Avocats et magistrats ont l’habitude de se croiser dans les prétoires. Dans la rue, c’est plus rare. Surtout revêtus de leur robe professionnelle, rouge pour les magistrats, noire pour les avocats. Ce fut le cas le 15 décembre, dans les rues de Grenoble. Et ils n’étaient pas seuls. Juges et avocats, mais aussi assistants juridiques, greffiers… Une rareté encore : syndicats de magistrats comme organisations d’avocats étaient unanimement représentés dans le cortège.
En somme, Laurent Desgouis, magistrat grenoblois et membre du Syndicat de la magistrature, était fondé à déclarer cette journée « historique ».
Le mouvement était national. Il faisait suite à la tribune publiée le 23 novembre 2021 par le Monde sous la signature de trois mille magistrats, après le suicide d’une magistrate dans le Nord.
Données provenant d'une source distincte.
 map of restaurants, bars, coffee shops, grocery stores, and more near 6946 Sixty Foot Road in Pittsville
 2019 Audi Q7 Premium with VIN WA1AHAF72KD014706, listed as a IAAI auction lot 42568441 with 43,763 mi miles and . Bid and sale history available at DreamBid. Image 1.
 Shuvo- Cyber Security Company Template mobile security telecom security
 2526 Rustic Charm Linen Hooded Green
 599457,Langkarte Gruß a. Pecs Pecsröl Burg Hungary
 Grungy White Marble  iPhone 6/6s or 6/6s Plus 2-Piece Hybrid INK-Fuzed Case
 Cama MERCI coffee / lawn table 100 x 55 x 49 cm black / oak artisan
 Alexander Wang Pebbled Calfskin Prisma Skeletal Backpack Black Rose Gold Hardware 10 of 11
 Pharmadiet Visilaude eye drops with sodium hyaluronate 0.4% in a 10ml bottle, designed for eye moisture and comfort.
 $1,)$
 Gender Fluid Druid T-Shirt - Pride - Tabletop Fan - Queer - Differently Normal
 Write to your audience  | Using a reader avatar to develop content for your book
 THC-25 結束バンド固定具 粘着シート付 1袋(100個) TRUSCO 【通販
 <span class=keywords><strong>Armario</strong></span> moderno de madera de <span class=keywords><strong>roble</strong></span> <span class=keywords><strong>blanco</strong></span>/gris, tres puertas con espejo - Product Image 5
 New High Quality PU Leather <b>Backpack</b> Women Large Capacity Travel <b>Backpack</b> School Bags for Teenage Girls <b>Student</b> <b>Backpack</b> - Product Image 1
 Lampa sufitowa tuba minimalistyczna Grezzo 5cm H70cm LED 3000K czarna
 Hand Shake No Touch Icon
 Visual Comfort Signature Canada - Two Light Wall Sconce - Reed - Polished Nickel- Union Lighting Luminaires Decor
Appel transformé en pétition qui a recueilli 5200 signatures sur les neuf mille membres de la profession. Cet élan se traduisait dans la rue le 15 décembre, dans tout le pays.
A Grenoble, le cortège est parti du palais de justice en fin de matinée pour rallier la préfecture. Expression de professions à bout, des Codes ont été symboliquement déposés place de Verdun, face à la préfecture.
Les motivations de ce mouvement de fond ? Laurent Desbouis explique. « Il est insupportable de voir la manière dont la justice est rendue aujourd’hui à ceux qui en ont besoin », nous dit-il. Et d’ajouter que « nous ne pouvons plus rendre une justice dégradée, nous ne pouvons plus souffrir au travail et il nous faut les moyens humains qui nous permettent de travailler normalement et de redonner du sens à nos métiers, dans l’intérêt du justiciable ».
Place de Verdun, avocats et magistrats ont témoigné. De la difficulté à exercer leur métier lorsque des postes sont supprimés ou non pourvus, de la pression quotidienne résultant d’une conscience professionnelle qui pousse à faire l’impossible sans pouvoir y parvenir, de l’unique imprimante partagée par tout un étage du palais de justice ou de ces bureaux qui prennent l’eau… Et tous à leur tour s’accordaient à qualifier d' »historique » cette journée du 15 décembre, eu égard à l’ampleur de la colère unanimement exprimée.
Le rassemblement s’est achevé par la lecture de l’appel des acteurs de l’institution judiciaire et de celle de la motion de soutien de l’ordre des avocats du barreau de Grenoble.